Ohne Boot-Parameter aufgerufen verwendet Knoppix wie eingangs erwähnt mitunter recht konservative Grafikmodi. Wer mehr möchte, muss Knoppix die gewünschte Auflösung beim Start mit dem Parameter „screen=“ gefolgt von der Auflösung mitteilen. Knoppix beherrscht sogar die bei Notebooks verbreiteten Display-Auflösungen wie zum Beispiel 1680 x 1050 oder 1400 x 1050 Pixel, sofern sie im Video-BIOS der Grafikkarte eingetragen sind. Bei den Intel-Chipsätzen 915GM mit integriertem Grafikadapter fehlen mitunter einzelne Auflösungen im BIOS. Diese müssen Sie bei Bedarf von Hand mit dem Programm 915resolution auf der Kommandozeile nachtragen.

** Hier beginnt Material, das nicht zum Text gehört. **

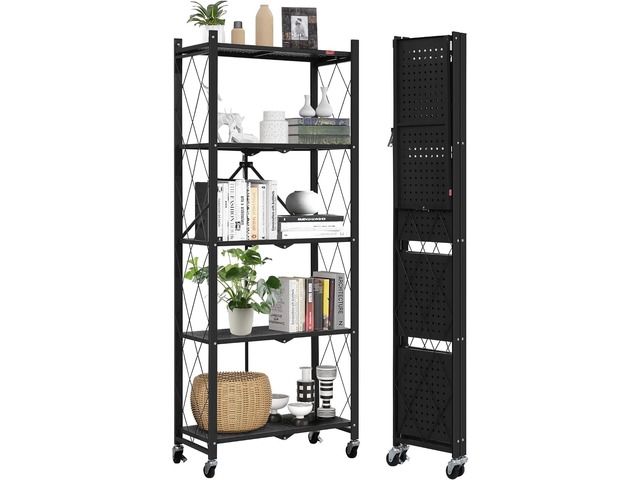 DEANIC 5-Shelf Folding Bookcase with Wheels, Rolling Bookshelf Heavy Duty Storage Shelves, Freestanding Metal Wire Shelving Unit for Living Room,...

Um zum Beispiel die Auflösung 1400 x 1050 bei einem Acer Travelmate 4652LMi nutzen zu können, starten Sie Knoppix zunächst mit dem Boot-Parameter „screen=1400 x 1050“. Bei diesem Notebook fehlt die Auflösung im Video-BIOS, wie der Aufruf 915resolution -l als Benutzer Root nach dem Start von Knoppix ergibt. Deshalb verwendet die grafische Oberfläche die nächst kleinere im BIOS eingetragene Auflösung von 1280 x 1024 Pixeln. Der folgende Befehl überschreibt den in diesem Fall ungenutzten Modus 4b mit der Auflösung 1400 x 1050 bei 16 Bit Farbtiefe:

915resolution 4b 1400 1050 16 

Das Ergebnis prüfen Sie erneut mit einem Aufruf von 915resolution -l. Wurde die Auflösung erfolgreich eingetragen, können Sie mit Strg-Alt-Backspace die grafische Oberfläche neu starten und damit auf die gewünschte Auflösung umschalten. Falls Sie ein permanentes Knoppix-Image verwenden oder Knoppix auf der Festplatte installieren, können Sie den Aufruf von 915resolution in das Skript /etc/init.d/xsession vor der Meldung, dass die grafische Oberfläche gestartet wird, einfügen. Dann aktualisiert 915resolution bei jedem Start des X-Servers den BIOS-Eintrag.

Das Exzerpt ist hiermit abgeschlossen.